Tarigan pun belajar musik Limapuluh Kurang Dua saat usianya sudah 30-an tahun pada awal tahun 1960-an. Waktu itu, seorang guru bernama Renda Sinuraya sedang mencari murid, dan Tarigan menerima uluran tangan sang guru.

“Saya jadi murid saat sudah punya anak-istri. Saya mau menjadi murid karena tergetar pada kemagisan musik ini,” papar Tarigan. Kompas pun merasa serasa di alam lain saat mendengar Tarigan memainkan sepotong musik Limapuluh Kurang Satu dengan satu serunai saja.

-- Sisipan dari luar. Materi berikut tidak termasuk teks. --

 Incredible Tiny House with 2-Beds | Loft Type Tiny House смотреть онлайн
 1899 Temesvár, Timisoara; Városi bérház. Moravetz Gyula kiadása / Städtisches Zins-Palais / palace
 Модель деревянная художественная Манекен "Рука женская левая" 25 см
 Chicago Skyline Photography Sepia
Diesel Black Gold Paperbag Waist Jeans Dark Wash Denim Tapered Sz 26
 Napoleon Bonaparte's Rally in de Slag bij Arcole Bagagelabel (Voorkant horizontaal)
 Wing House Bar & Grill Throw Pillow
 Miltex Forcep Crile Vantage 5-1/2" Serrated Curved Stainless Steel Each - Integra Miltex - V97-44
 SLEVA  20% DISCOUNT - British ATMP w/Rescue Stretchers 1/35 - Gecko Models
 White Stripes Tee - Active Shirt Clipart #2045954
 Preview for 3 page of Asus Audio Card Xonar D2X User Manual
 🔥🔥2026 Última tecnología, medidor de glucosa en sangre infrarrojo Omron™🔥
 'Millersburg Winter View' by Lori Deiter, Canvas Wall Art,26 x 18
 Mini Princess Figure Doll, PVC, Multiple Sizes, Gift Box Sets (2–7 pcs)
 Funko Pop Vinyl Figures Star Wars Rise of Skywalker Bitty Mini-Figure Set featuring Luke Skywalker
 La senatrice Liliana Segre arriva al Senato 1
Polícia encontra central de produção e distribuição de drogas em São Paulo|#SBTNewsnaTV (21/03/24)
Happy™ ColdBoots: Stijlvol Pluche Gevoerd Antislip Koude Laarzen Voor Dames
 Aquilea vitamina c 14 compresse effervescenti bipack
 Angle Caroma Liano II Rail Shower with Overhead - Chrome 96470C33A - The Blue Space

Menurut Tarigan, saat ini generasi muda Indonesia cenderung menyukai musik modern yang mudah dicerna tanpa banyak merenungkannya. Saat ini, pada acara Karo apa pun, umumnya alat musik keyboard yang dipakai dengan lagu-lagu pop dinyanyikan sambil bergoyang.

“Tanpa ingin menyalahkan aliran musik apa pun, kenyataannya generasi sekarang tidak pernah mau repot terlibat dengan musik tradisional yang sering mereka sebut kampungan dan ketinggalan zaman,” jelas Tarigan.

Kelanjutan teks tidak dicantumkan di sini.